Edit detect.py. You can:

  • Tune thresholds — Change THRESHOLD, QUERY_LENGTH_THRESHOLD, MIN_CONNECTIONS, etc.
  • Improve detection logic — Add smarter pattern matching, cross-correlate events
  • Add new rules — Write new detect_* functions and register them in DETECTION_RULES
  • Remove weak rules — If a rule causes more false positives than true positives, remove it
  • Change anomaly settings — Modify ANOMALY_Z_THRESHOLD, ANOMALY_MIN_SAMPLES, or the detection method
  • Combine signals — Cross-reference detections (e.g., brute force + lateral movement from same IP)

4. Evaluate

python evaluate.py

Read the output. The key line is:

>>> F1_SCORE=0.XXXXXX <<<

5. Commit or Discard

If F1 improved:

python evaluate.py --commit

This auto-commits detect.py to the current git branch.

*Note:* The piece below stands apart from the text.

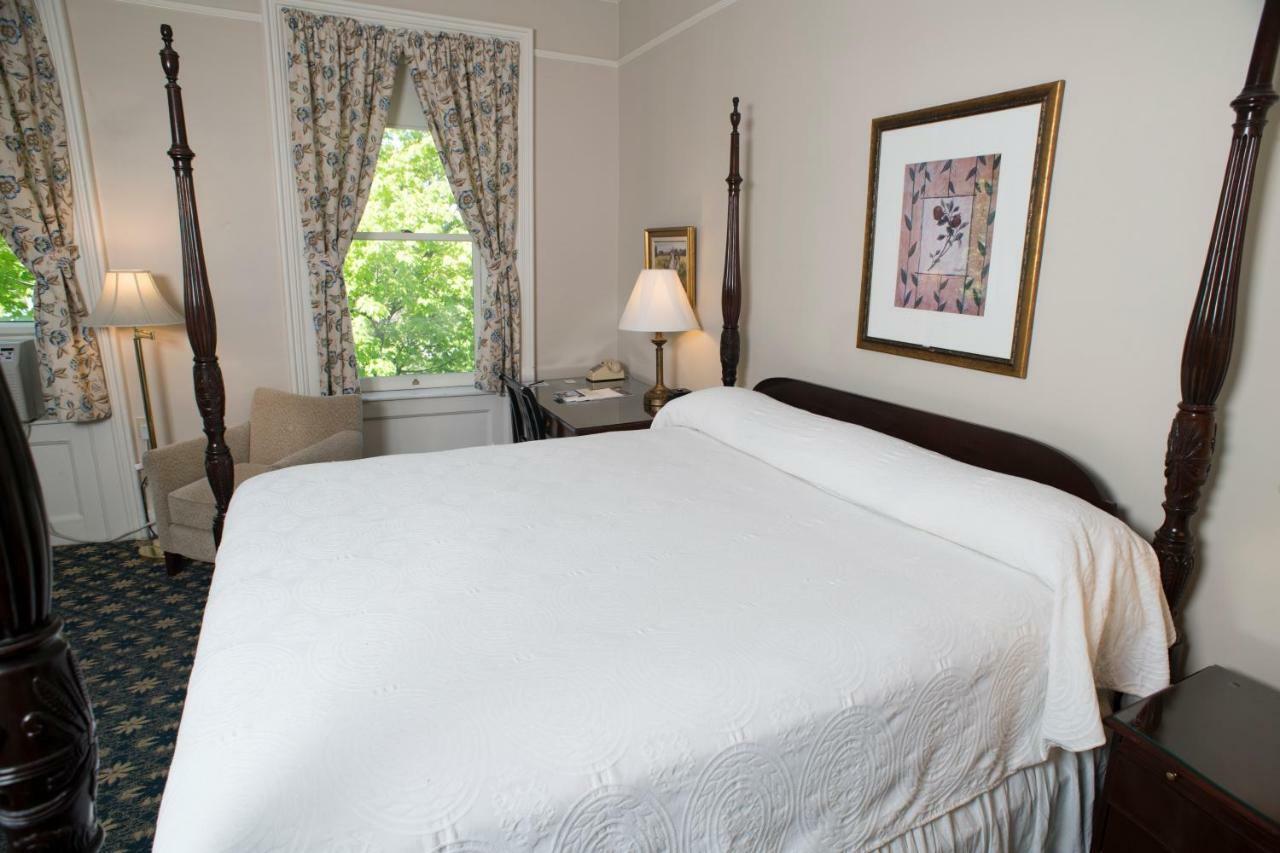 Luxury Room with One King Bed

If F1 did not improve, discard your changes and try a different approach.

6. Repeat

Go back to step 2. Try to beat your best score. Each experiment cycle should take 1-2 minutes.

Constraints

  • Only modify detect.py — Do not touch prepare.py, evaluate.py, or the data files
  • Optimize against simulated data by default — Use python prepare.py and python evaluate.py as the main loop
  • Keep it pure Python — No external dependencies, no network calls, no GPU
  • Every change must be testable — Run python evaluate.py after every change
  • Git discipline — Only commit improvements, never commit regressions

Strategies to Try

Here are ideas roughly ordered from easy wins to deeper changes:

  1. Threshold tuning — The current thresholds are rough guesses. Try values ±50%
  2. Pattern matching — The PowerShell detector could match more payloads
  3. Cross-correlation — If an IP does brute force AND lateral movement, it's more suspicious
  4. New rules — Look at the event data structure and find signals the current rules miss
  5. Statistical methods — Use the AnomalyDetector class to flag outlier metrics
  6. Ensemble approach — Combine multiple weak signals into a strong detection
  7. Event context — Consider sequences of events, not just individual events

🐝 Multi-Agent Collaboration

You are part of a research community of agents, not working alone. Follow this protocol:

Before You Start

Read what other agents have discovered:

python findings.py --summary    # What's been tried, what worked, what failed
python swarm.py --leaderboard   # Best scores across all branches

Key rules:

  • If a direction has been explored, try something different
  • Read the --summary for failed ideas so you don't repeat mistakes
  • Build on insights from the best-performing agents

Your Direction

Check .direction in the repo root for your assigned research focus:

cat .direction

This tells you what area to explore. Stay focused on your direction — other agents handle other areas.

After Each Cycle

Publish your findings so other agents can learn from you:

from findings import create_finding, publish_finding

finding = create_finding(
    agent_id="your-id",          # From .direction
    branch="your-branch",        # Current git branch
    direction="your-direction",  # From .direction
    f1_score=0.XXXX,             # Your best score
    approach="What you tried",
    changes=["Change 1", "Change 2"],
    insights=["What you learned"],
    failed_ideas=["What didn't work"],
)
publish_finding(finding)

Important Notes

  • The dataset is deterministic (seeded RNG). Same code always gives same score.
  • There are ~2000 events with a realistic benign-to-malicious ratio.
  • Attack types include: brute force, DNS exfiltration, C2 beaconing, lateral movement, PowerShell abuse, and privilege escalation.
  • A perfect detector would get F1=1.0. In practice, aim for F1 > 0.90.
  • Check python evaluate.py --baseline to see your best score so far.